Task statement >>
Every line in the data below that has the word "Side" should be returned.

Stored entries >>
---

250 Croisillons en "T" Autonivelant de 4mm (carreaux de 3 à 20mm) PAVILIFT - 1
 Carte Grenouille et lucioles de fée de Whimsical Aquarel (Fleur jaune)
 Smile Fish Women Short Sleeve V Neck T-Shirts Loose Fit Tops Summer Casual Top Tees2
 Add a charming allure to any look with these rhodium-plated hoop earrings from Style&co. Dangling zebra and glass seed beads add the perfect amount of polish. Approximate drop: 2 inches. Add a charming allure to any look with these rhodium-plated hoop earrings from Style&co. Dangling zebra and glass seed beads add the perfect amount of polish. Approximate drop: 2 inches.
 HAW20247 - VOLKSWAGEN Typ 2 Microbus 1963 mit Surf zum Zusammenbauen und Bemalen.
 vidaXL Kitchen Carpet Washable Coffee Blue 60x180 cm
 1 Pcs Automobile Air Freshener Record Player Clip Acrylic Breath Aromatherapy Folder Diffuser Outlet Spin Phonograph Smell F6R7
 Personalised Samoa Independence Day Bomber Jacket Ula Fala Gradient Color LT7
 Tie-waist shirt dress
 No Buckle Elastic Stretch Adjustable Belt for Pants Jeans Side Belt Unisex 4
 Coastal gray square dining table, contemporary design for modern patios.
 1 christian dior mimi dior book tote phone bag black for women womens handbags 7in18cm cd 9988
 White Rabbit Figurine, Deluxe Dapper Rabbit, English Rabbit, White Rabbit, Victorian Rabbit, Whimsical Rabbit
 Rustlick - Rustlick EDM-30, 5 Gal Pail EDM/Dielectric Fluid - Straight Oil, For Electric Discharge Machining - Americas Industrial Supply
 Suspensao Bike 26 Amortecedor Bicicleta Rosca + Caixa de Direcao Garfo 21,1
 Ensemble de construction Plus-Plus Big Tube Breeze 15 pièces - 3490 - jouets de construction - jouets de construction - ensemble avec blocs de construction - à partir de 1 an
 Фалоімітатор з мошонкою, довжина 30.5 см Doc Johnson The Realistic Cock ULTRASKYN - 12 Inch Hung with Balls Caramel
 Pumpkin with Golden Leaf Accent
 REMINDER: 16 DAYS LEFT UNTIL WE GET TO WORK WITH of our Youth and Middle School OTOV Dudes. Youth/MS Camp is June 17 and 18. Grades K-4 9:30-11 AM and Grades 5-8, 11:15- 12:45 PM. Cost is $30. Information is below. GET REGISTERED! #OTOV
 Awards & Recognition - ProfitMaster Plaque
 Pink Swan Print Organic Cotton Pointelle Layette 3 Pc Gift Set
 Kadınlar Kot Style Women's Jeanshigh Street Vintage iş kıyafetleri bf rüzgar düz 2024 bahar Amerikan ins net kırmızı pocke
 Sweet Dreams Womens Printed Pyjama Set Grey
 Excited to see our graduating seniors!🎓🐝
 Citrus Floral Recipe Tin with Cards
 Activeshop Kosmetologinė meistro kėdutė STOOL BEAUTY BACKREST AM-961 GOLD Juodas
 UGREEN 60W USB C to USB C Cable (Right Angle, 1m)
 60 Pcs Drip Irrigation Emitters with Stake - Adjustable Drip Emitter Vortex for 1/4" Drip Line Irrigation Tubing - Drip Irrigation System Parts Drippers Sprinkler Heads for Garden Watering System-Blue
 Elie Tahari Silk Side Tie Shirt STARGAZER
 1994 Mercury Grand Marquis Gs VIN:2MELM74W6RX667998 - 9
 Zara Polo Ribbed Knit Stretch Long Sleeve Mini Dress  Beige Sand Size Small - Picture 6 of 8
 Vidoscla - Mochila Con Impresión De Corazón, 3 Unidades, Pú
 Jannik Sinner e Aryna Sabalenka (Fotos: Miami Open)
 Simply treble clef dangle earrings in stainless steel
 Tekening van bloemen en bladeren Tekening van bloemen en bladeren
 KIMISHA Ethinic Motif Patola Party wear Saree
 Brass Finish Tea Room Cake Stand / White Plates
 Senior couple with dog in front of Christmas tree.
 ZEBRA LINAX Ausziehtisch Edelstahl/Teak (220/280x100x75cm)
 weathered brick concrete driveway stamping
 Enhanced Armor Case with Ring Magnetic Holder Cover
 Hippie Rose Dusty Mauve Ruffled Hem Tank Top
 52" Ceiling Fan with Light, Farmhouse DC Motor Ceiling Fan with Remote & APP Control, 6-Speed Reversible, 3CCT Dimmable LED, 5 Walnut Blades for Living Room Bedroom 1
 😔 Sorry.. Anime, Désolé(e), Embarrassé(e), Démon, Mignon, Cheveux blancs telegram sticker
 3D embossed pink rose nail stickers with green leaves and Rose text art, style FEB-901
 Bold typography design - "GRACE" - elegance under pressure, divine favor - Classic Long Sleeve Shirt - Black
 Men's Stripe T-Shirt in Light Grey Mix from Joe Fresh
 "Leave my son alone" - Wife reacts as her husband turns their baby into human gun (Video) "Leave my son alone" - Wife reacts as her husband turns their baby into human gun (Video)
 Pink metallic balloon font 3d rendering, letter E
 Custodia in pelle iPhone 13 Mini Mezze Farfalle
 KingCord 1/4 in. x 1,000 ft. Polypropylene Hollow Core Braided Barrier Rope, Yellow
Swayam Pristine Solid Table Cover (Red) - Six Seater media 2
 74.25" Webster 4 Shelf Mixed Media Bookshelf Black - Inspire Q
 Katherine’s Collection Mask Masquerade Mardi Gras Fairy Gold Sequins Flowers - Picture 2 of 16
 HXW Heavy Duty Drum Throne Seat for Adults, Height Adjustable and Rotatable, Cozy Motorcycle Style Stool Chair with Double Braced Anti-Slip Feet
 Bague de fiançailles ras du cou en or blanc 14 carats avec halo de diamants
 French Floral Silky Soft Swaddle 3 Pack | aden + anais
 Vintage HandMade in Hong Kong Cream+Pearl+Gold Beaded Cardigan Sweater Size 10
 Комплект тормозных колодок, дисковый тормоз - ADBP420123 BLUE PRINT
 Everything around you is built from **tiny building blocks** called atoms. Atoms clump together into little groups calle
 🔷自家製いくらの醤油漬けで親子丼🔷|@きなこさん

---

Worked solution >>
 No Buckle Elastic Stretch Adjustable Belt for Pants Jeans Side Belt Unisex 4
 Elie Tahari Silk Side Tie Shirt STARGAZER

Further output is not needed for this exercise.